6) Battleship The American Battleship is the only horse to have won both the American Grand National, in 1934 and the Grand National 4 years later in 1938. A muscular but small horse, he was nicknamed the American Pony.
7) Golden Miller is the most successful Cheltenham Gold Cup horse ever, winning the race for 5 consecutive years between 1932 and 1936. He is also the only horse to ever win both the Gold Cup and the Grand National in the same year (1934). Having fallen at the canal turn as favourite for the 1933 race, he won the Grand National in a then record time in 1934.
8) Reynoldstown won two consecutive Grand Nationals at Aintree. In his first win, in 1935, ridden by Frank Furlong, he beat the great Golden Miller. In the 1936 race, this time ridden by Fulke Walwyn, he carried top weight of 12st 2lbs and became the first horse to win two Nationals in a row since 1918.
9) Earth Summit Shortly after winning the Scottish Grand National in 1994, Earth Summit suffered a near fatal injury in what was his only fall in a 37 race career. Deemed unlikely to race again, 21 months later the son of Celtic Cone returned to the track and in December 1997 he won the Welsh version of the race. After winning the Grand National in 1998, Earth Summit became the only horse to have completed Britain's National treble.

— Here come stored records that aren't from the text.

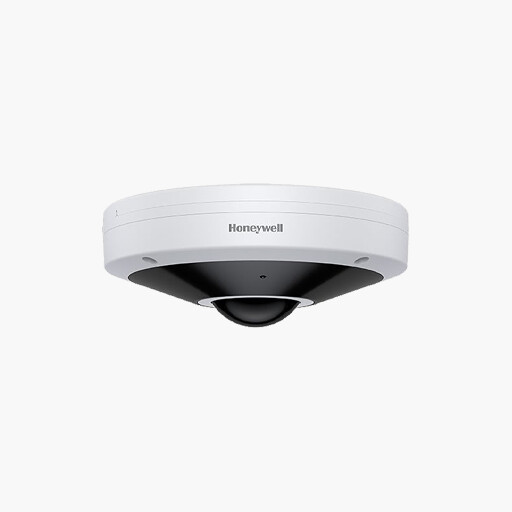 Honeywell HC30WF5R1 30 Series 5MP WDR IR IP Fisheye Camera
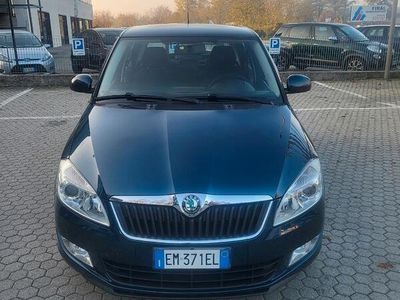 usata Skoda Fabia 1600 TDI 75 cv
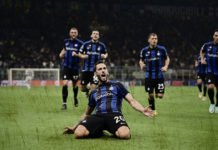 Lo Scatto ▷ Inter, la serata delle Sliding Doors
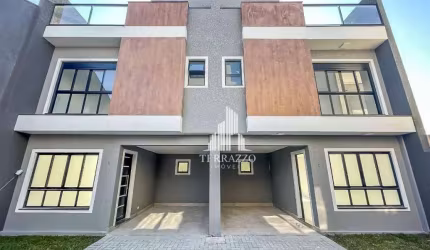 Sobrado à venda, 138 m² por R$ 925.000,00 - Jardim das Américas - Curitiba/PR
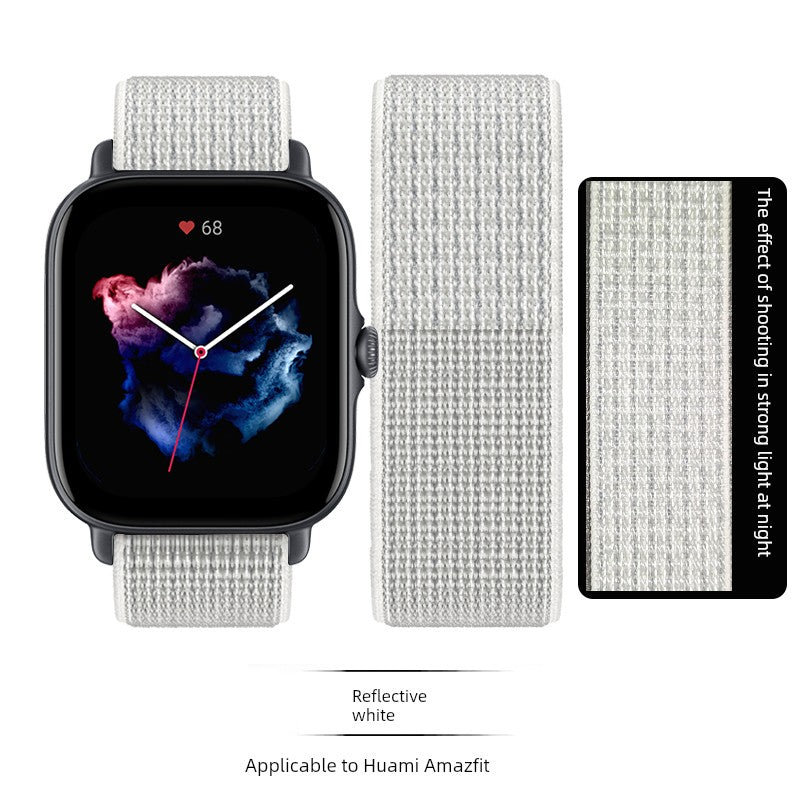 Amazfit Nylon Woven Smart Sports Watch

10) Devon Loch Although Devon Loch never won the Grand National, he is well remembered for his run in 1956. Owned by the Queen Mother, he was well fancied for the race and at the race climax, with only 10 horses remaining, he was on the final stretch just 40 yards from the winning post with a 5 length lead. Then, he suddenly and inexplicably jumped into the air allowing E.S.B to over-take and win. No one is certain why Devon Lock jumped, some reports claim cramp, others that he was confused by a shadow and jumped an imaginary fence, while another theory was that the loud cheers for an expected royal winner distracted the horse.